前提として固体周りの流体温度が低く、固体が経時変化でどんどん冷えていくような過渡熱伝導を考えます。
Bi<<1のとき
固体の熱伝導度kが十分に大きい、あるいは固体が十分に小さいような場合はBi<<1となります。
このとき固体の熱伝導は瞬時に起こり、固体内部の温度はほぼ一様とみなせます。
したがって、固体の伝熱は固体表面の熱伝達率と固体の熱容量で決まります。
このような物体内の温度分布を無視して熱容量だけを集中系として取り扱うことのできるモデルを集中熱容量モデルといいます。
(集中系というのは、位置依存性がなく時間に関する常微分方程式で表せるという意味合いです。固体内に温度分布がある場合は位置依存性があるので、位置と時間に関する偏微分方程式を解く必要があります。)
仮に、ある高温の固体が周囲の流体で冷やされる系について考えます。
微小時間dtの間に温度がdTだけ変化するときの熱収支を集中熱容量モデルで表すと、(2)式となります。
$$c_{p}ρV\frac{dT}{dt}=-hS(T-T_{∞})・・・(2)$$
cp:固体の比熱[J/(kg・K)]、ρ:固体の密度[kg/m3]、V:固体の体積[m3]

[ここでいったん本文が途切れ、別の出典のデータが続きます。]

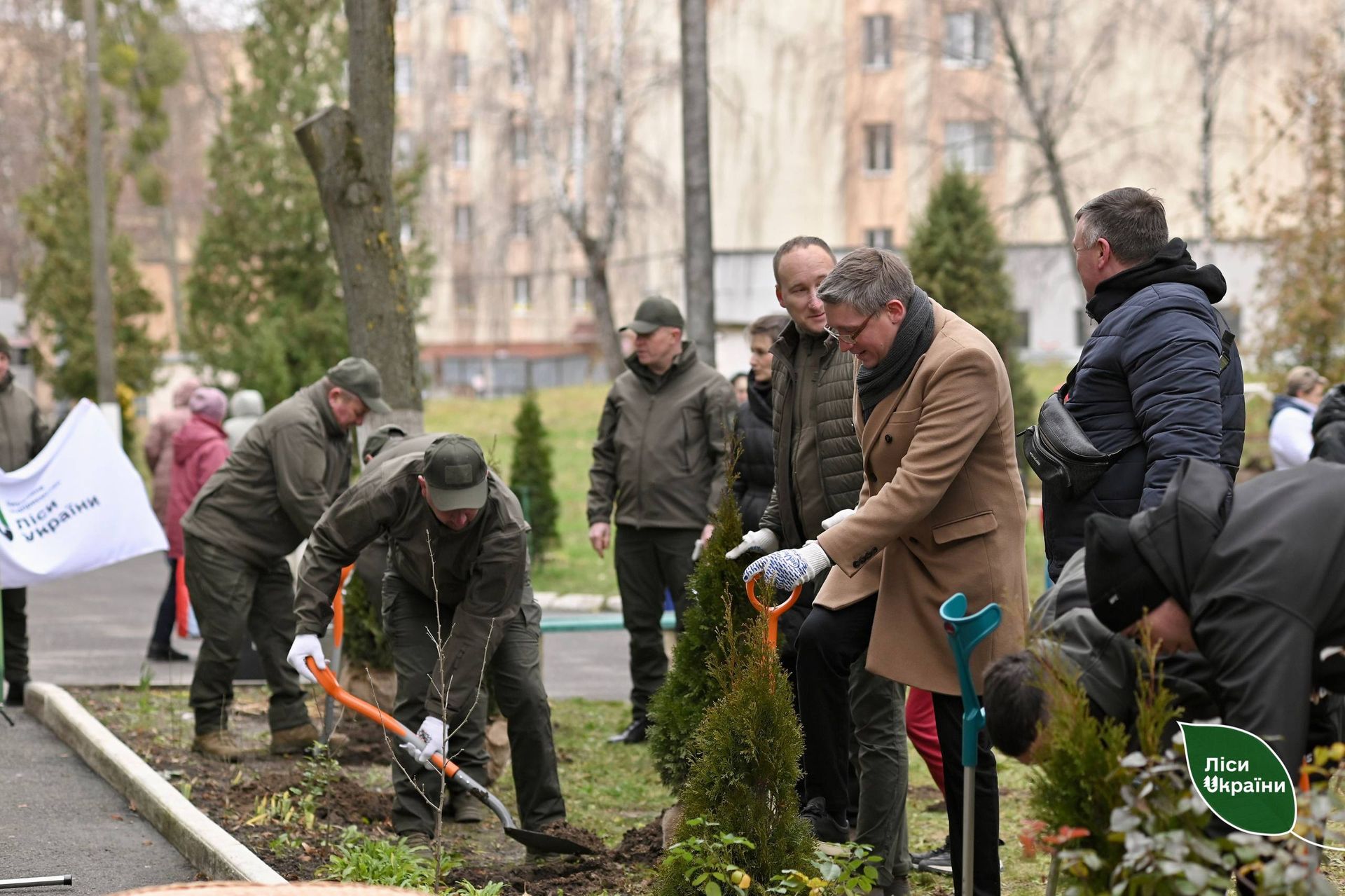 Мільярд дерев або незграбний антикриз ДП Ліси України 4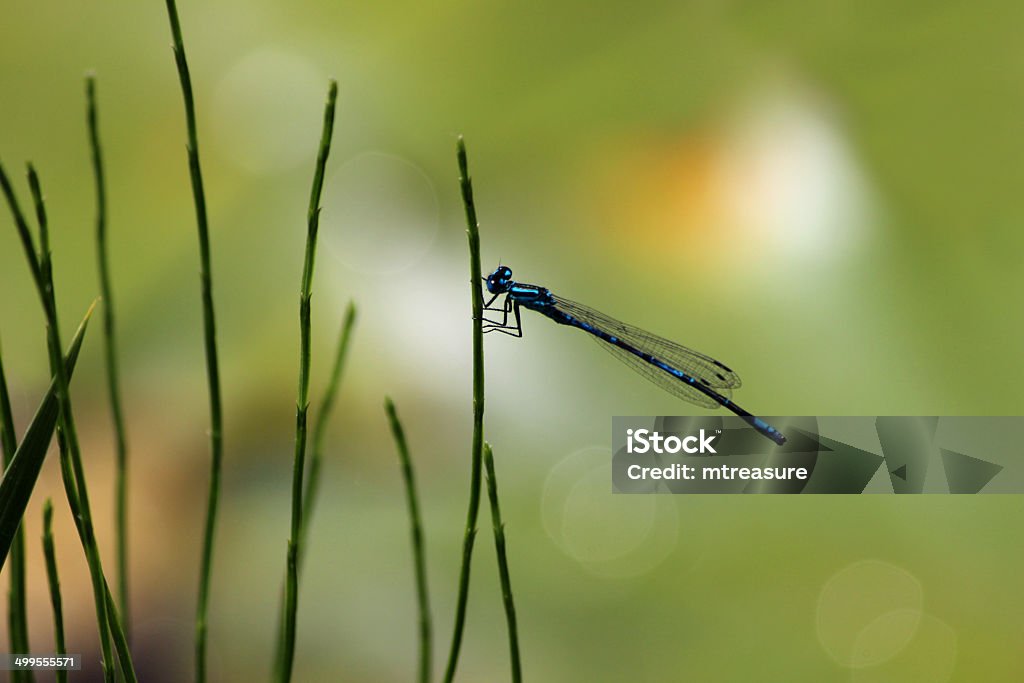 Imagem de macho azul Donzelinha do sol, pelo Jardim pond - Royalty-free Animal Foto de stock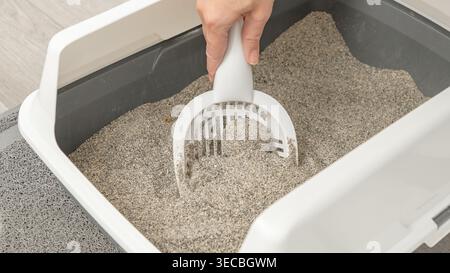 Hand is seen using a scoop to remove waste from an odor-free litter box filled with fine sand, placed on a textured floor indoors Stock Photo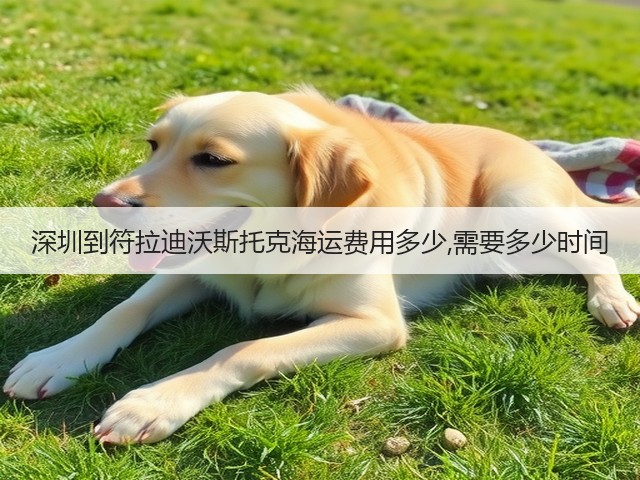 深圳到符拉迪沃斯托克海运费用多少,需要多少时间(图2) 深圳到符拉迪沃斯托克海运费用多少,需要多少时间(图2)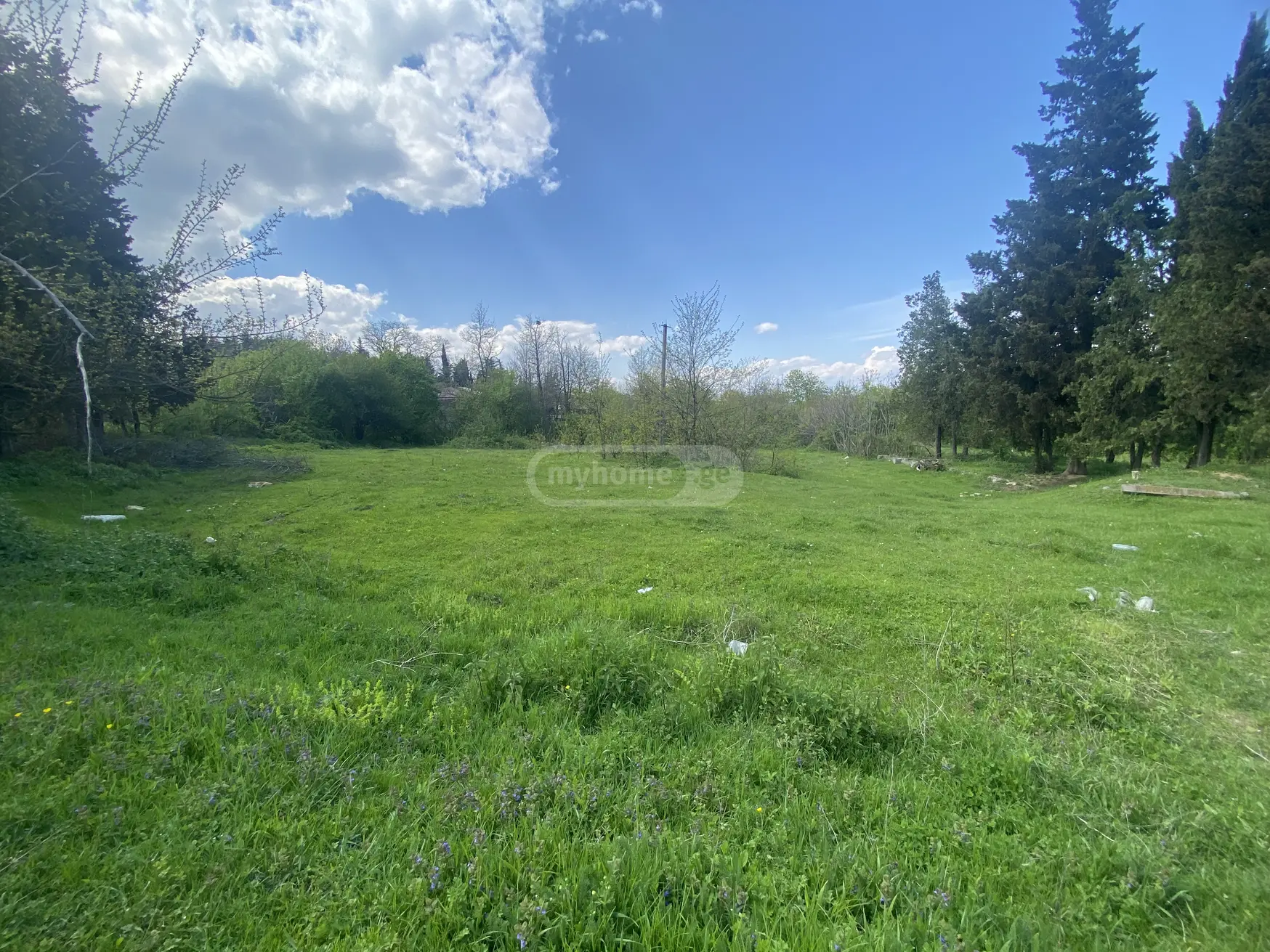 Продажа Земля / участок в Telavis Munitsipalitetshi view 1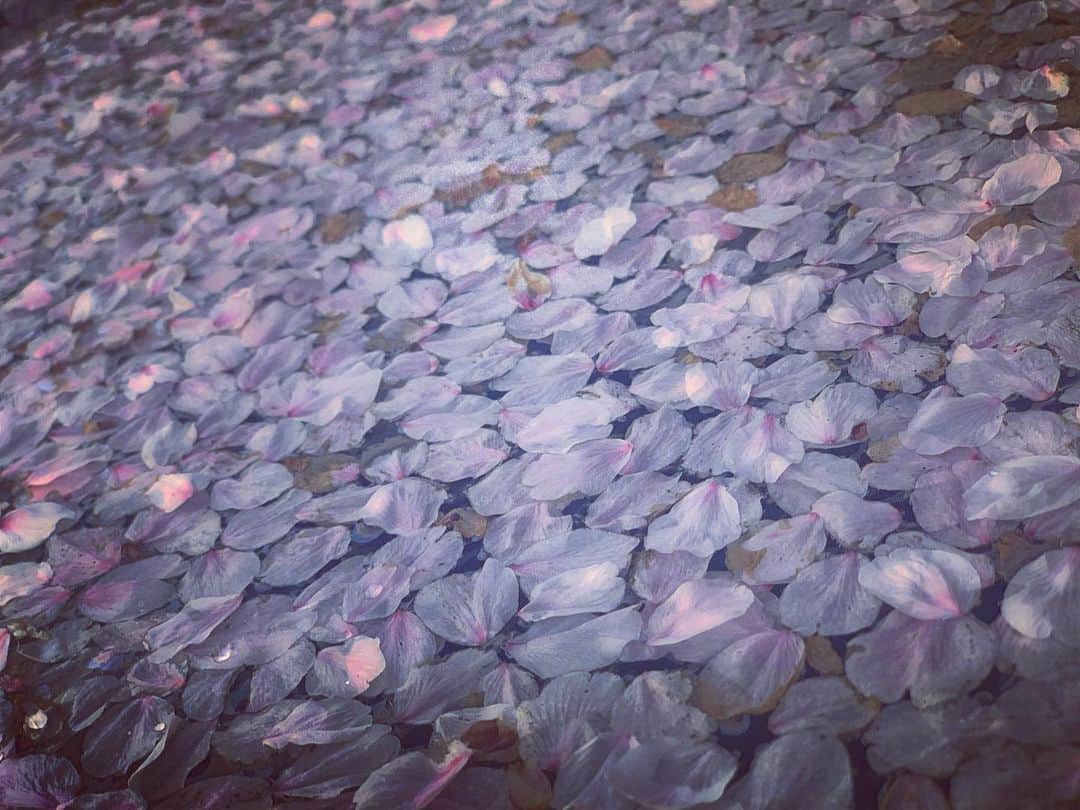 澤田友美さんのインスタグラム写真 - (澤田友美Instagram)「. 🌸🌸🌸 . . #cherryblossom #petal_perfection  #sakura」4月15日 19時02分 - tomomi__sawada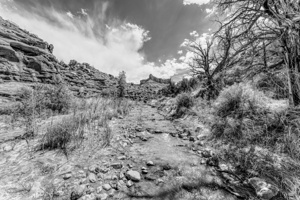Professor Creek Rimrock Valley View Grayscale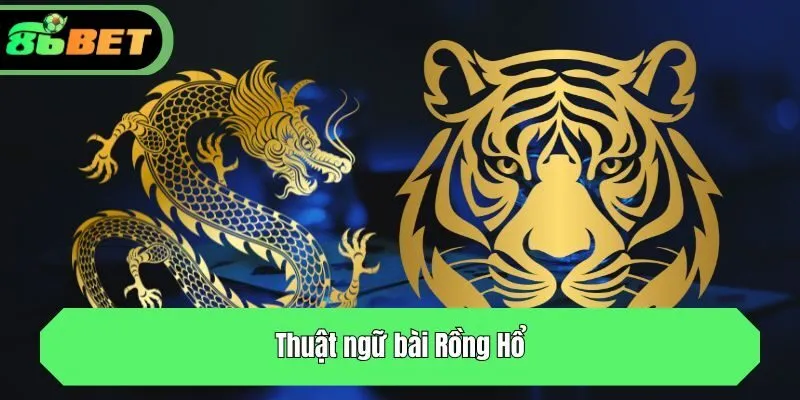 Thuật ngữ bài Rồng Hổ
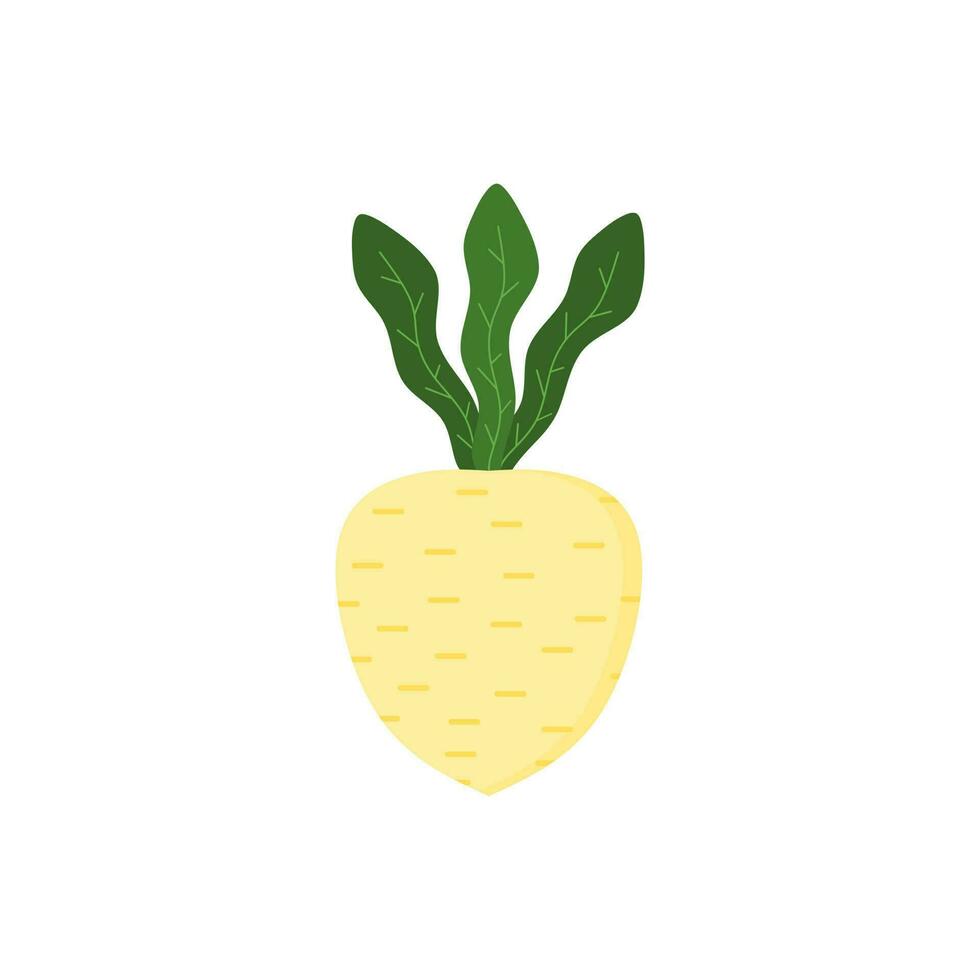 turnip flat design vector illustration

h:固体表面の熱伝達率[W/(m2K)]、S:固体の表面積[m2]
(2)式をt=0のときT=T0として積分すると、
$$\int_{T_{0}}^{T}\frac{dT}{T-T_{∞}}=-\frac{hS}{c_{p}ρV}\int_{0}^{t}dt$$
$$\frac{T-T_{∞}}{T_{0}-T_{∞}}={\rm{exp}}(-\frac{hS}{c_{p}ρV}t)・・・(3)$$
(3)式となり、経時変化したときの固体内部の温度Tを簡単に求めることができます。
また、一般にBi<0.1であれば集中熱容量モデルで計算しても誤差は数%以下なので、簡易的な計算には十分適用できるでしょう。
Bi>>1のとき
固体の熱伝導度kが小さい、あるいは固体が十分に大きいような場合はBi>>1となります。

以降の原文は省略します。